Polisi Tetapkan Satu Tersangka Baru Kasus Investasi Bodong MeMiles

Hilda Meilisa - detikNews
Kamis, 16 Jan 2020 16:05 WIB
Kapolda Jatim Irjen Luki Hermawan (Foto: Hilda Meilisa Rinanda )
Kapolda Jatim Irjen Luki Hermawan (Foto: Hilda Meilisa Rinanda )
Surabaya - Polisi menetapkan satu tersangka baru terkait kasus investasi bodong MeMiles. Satu Tersangka ini bertanggung jawab dalam bidang pengadaan dan distribusi reward di PT Kam and Kam.

Kapolda Jatim Irjen Luki Hermawan mengatakan seorang tersangka ini berinisial W. Mulai hari ini, pihaknya telah melakukan penahanan pada W.

"Perkembangan terbaru hari ini dari tim penyidik baru menetapkan lagi satu tersangka, di mana orang yang dijadikan tersangka dalam struktur PT kam and Kam yang bertanggung jawab di bagian pengadaan dan distribusi reward," kata Luki di Mapolda Mapolda Jatim Jalan Ahmad Yani Surabaya, Kamis (16/1/2020).

Luki menyebut W merupakan tangan kanan dari Kamal Tarachan atau Sanjay. W juga kerap menyalahgunakan aset dari member MeMiles.


"Untuk tersangka sementara ini inisialnya w, dia ini banyak tahu kemana reward-reward ini diberikan dan uang nasabah yang dibelanjakan oleh si W ini. Dan tersangka ini juga termasuk tangan kanan serta banyak menggunakan aset," paparnya.

Dari tersangka ini, polisi telah mengamankan aset Rp 2 miliar. Aset ini berada di luar rekening induk di mana menjadi tempat Sanjay menyimpan uang ratusan miliar.

"Hari ini juga kami menyelamatkan aset member senilai Rp 2 M yang saat ini sedang diambil oleh penyidik di bank. Untuk hari ini dan beberapa kendaraan yang lain mungkin besok juga sudah akan tiba di Polda Jatim," jelas Luki.

"Ya ini di luar rekening induk dan ini rekening dari hasil tracking digital forensik serta BAP menunjukkan setelah tadi malam marathon diperiksa dan akhirnya sangat kuat di sini penyidik untuk menetapkan yang bersangkutan menjadi tersangka," pungkas Luki.


Sebelumnya, polisi telah menetapkan empat tersangka dalam kasus MeMiles. Keempatnya yakni Kamal Tarachan atau Sanjay sebagai direktur, Suhanda sebagai manajer, Martini Luisa (ML) atau Dokter Eva sebagai motivator atau pencari member dan Prima Hendika (PH) sebagai ahli IT.

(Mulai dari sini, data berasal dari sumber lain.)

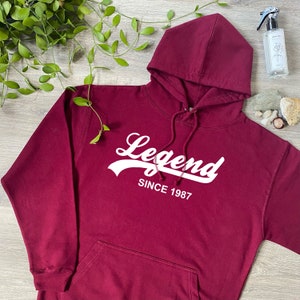 Felpa con cappuccio Legend Since 1987 - Maglione pullover in morbido cotone - Compleanno, Festa del papà, Regalo di Natale - Regalo per figlio, papà, fratello, 780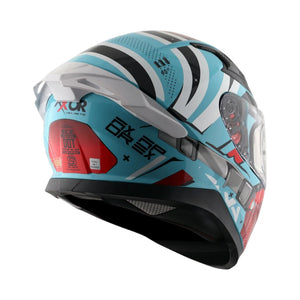Motodrift Axor Apex Hex-2 full-face motorcycle helmet in blue and white with futuristic angular graphic design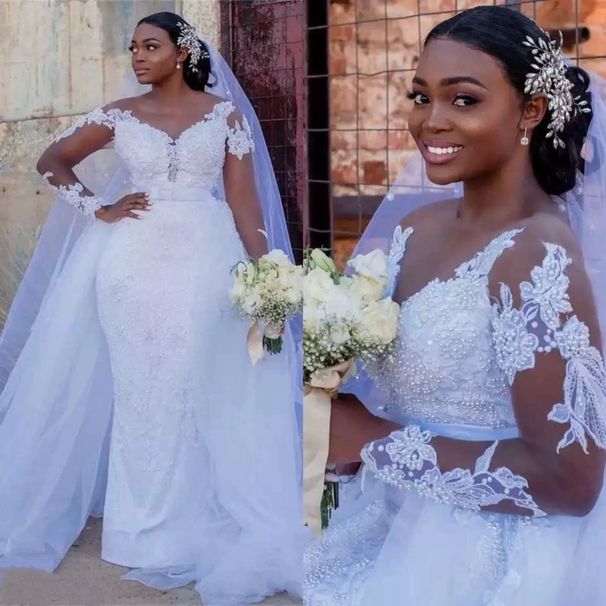 Women's Clothing Autumn New Style Deep V Neck Long Sleeve Trailing Lace Bride Wedding Dress_ecoleips.com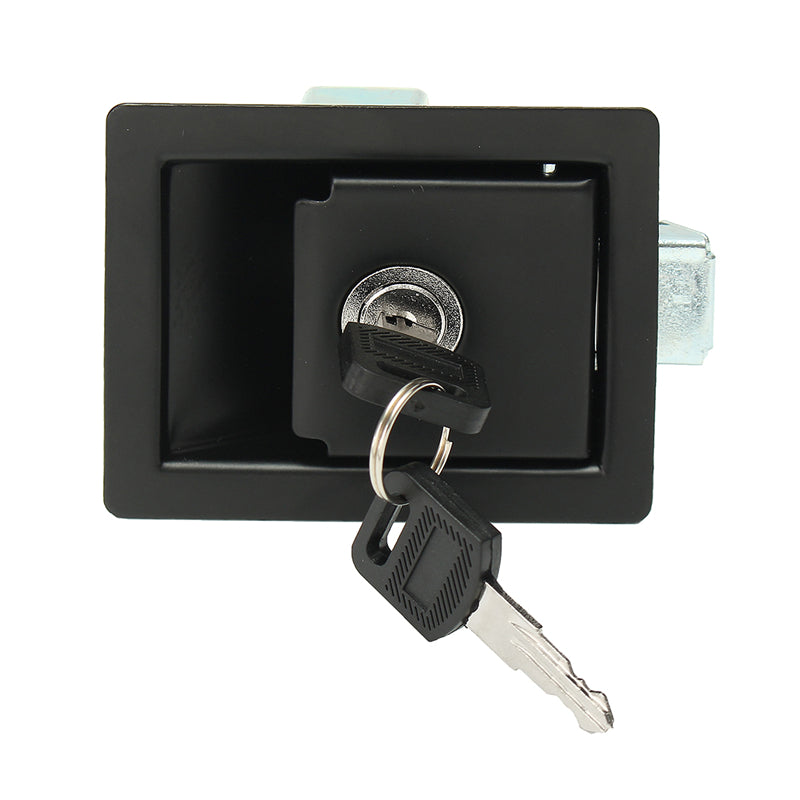 RV Ingang Deurslot, RV Ingang Deurslot Veiligheid Klink Ingebouwde Nachtschoot Aluminium Legering voor Reizen Trailer Camper(zwart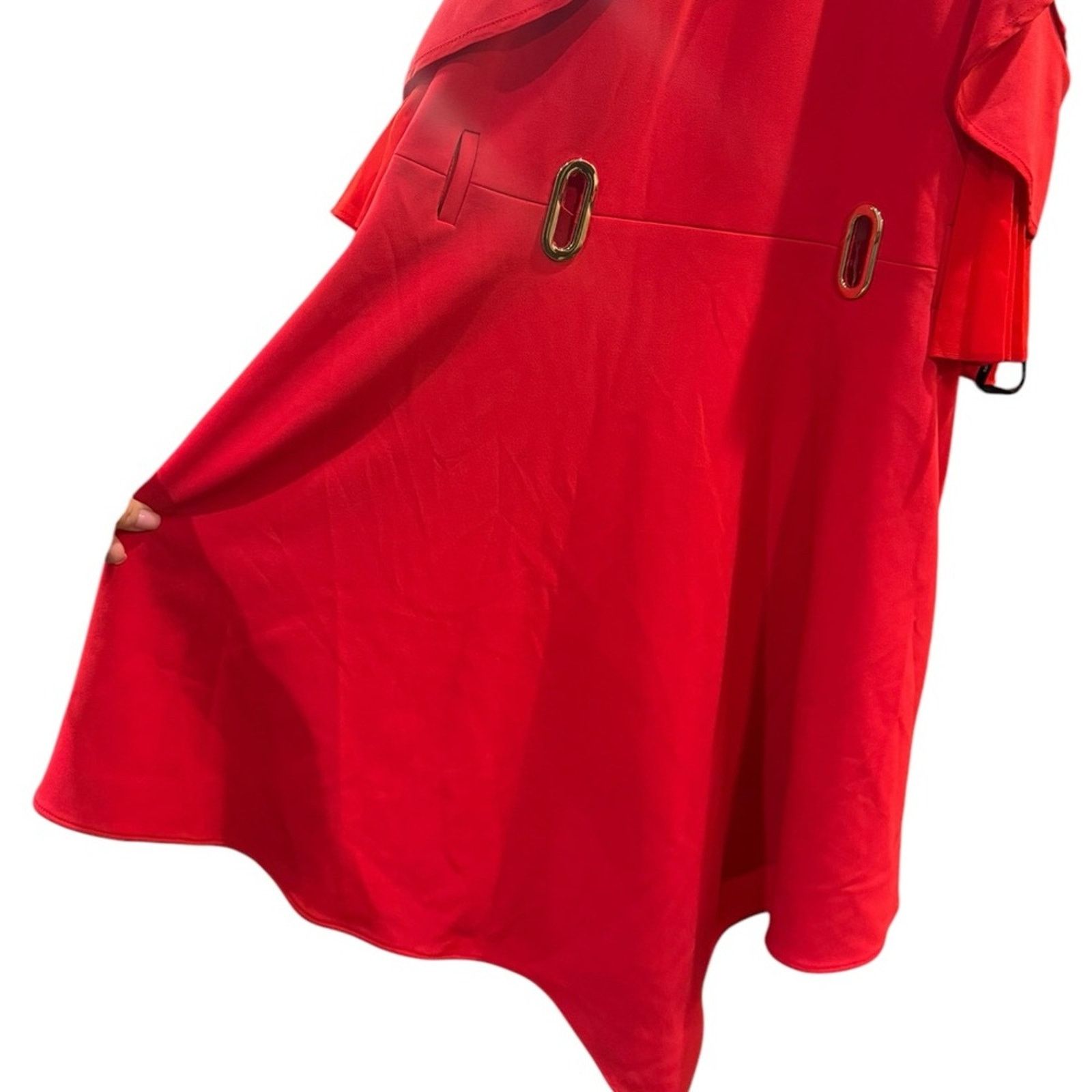 Self-Portrait Self-Portrait Asymmetrical Jersey Red Ruffled Sleeve Dress 4 Size S / US 4 / IT 40 - 10 Thumbnail
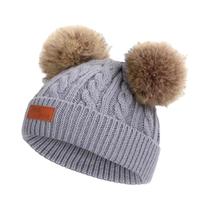 Chapéu de Bebê de Lã com Pompom - Quentinho para Outono/Inverno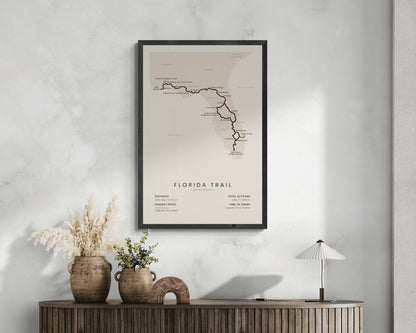 Florida National Scenic Trail (Big Cypress National Preserve to Fort Pickens) Trail Wall Decor in Modern Interior Decor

Kasus ini terbongkar saat Polda Jatim mendapati investasi MeMiles yang belum berizin. Investasi ini disebut telah memiliki 264 ribu nasabah atau member.

Selain itu, dalam praktiknya, MeMiles juga memberikan iming-iming hadiah fantastis dan tak masuk akal pada nasabah. Misalnya saja hanya investasi ratusan ribu, nasabah sudah bisa membawa pulang sejumlah barang elektronik seperti TV, Kulkas, hingga AC.

Hal ini lah yang membuat peminat MeMiles melonjak. Dalam 8 bulan beredar, MeMiles telah mengantongi omzet Rp 750 miliar. Polisi pun menyita uang total Rp 122 Miliar yang tersisa di rekening utama.